Ahmad earned his B.Sc. (Agriculture Engineering [Power and Machinery]) at the Jordan University of Science and Technology. Upon completion, Ahmad began working as an engineer of off-road vehicles in a road construction project. Three months into the job, Ahmad was in a car accident.

“That was a turning point in my career,” Ahmad explains. “I had to be off of work for more than four months during which I gave a lot of thought about my future career. I decided then to continue my graduate studies. In 2004, I moved to Japan where I studied and worked until moving to Canada in October.”

During his studies in Japan, Ahmad completed his MSc in Crop Production Engineering and PhD in Bioproduction Engineering through Hokkaido University. After several years of industry experience with Amino Up Chemical of Japan and German corporation, Bosch, he is excited to begin his adventure in academia at Dal AC.

Ahmad’s current research focuses on improving the efficiency of crop production operations. Specifically, he is looking to develop smarter machines to assist farmers in crop planting, harvesting, and cultivating.

“This means that machines must be equipped with the correct sensors to assist them in making decisions,” Ahmad explains. “Sensors can do many different things but a few of the sensors I am working with are ultrasonic sensors to measure distances, light sensors to detect obstacles and environmental sensors to understand the conditions around the machines.”

The ultimate goal of Ahmad’s research is to develop machines and equipment with precise operations to reduce the amount of waste output while producing food. As with any research, Ahmad has faced many challenges with developing sensors to be used on farming equipment. Some of his biggest challenges have been optimizing the sensors to meet the objectives of his research, irregularities in crop production and the broad customer base for the final products.

“One challenge we’ve faced is that each crop requires its own equipment to meet different needs- planters, harvesters, sorters and more,” Ahmad explains. “This can get expensive because the number of customers for each piece of equipment is limited. The challenge now is to develop systems, whether sensing or actuating systems, to be scalable so that they can be applied in different scenarios.”

Although Ahmad has faced some challenges, he’s certainly reached many accomplishments with his research. One of his most notable accomplishments so far has been developing autonomous implements to work with robotic tractors.

“Nowadays there are unmanned tractors that can scan the fields by GPS,” Ahmad explains. “What I’ve done is develop some implements so that the attached equipment can send commands to the tractor. They could also send a report to the tractor about how their performance has been. For example, a planter will monitor itself and inform the tractor to stop when the seeds in the tank are about to run out.”

In addition to teaching students at Dal Ac, which will begin next winter, Ahmad will work as a research chair on campus through McCain Foods and Potatoes New Brunswick.
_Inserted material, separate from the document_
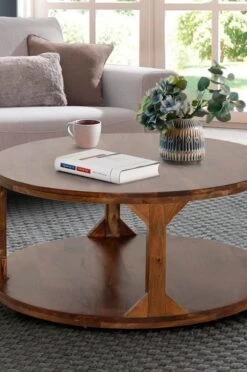 Möbler Loft24 Soffbord Sharada -Homeroom affär hom 1693985 01 Lo 01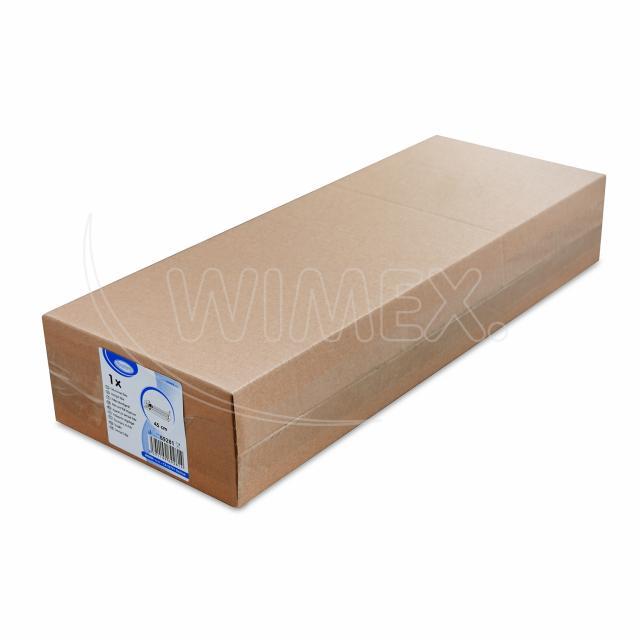 14960611_Product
His research program will be built in partnership with McCain Foods of Florenceville, New Brunswick as well as the Potato Board to identify challenges with potato production. Within the potato industry, Ahmad will provide leadership and support in the areas of sensors and automation for the advancement of smart agriculture technologies. His work will look to tackle the identified challenges by building a research team to conduct research, build prototypes and finally, contribute in building a system to better serve the industry.

“For me this position as a research chair came as the perfect time as it requires close relationship with the industry while building a research program that will help to train highly qualified students,” Ahmad says. “What makes me feel even more excited about this position is that my PhD thesis was about potato production. The fact that not only the field of study but also the crop in question is very close to my expertise let me feel more attached to this position.”

“I certainly did not hesitate when I was offered the position although I had to change countries to be here.”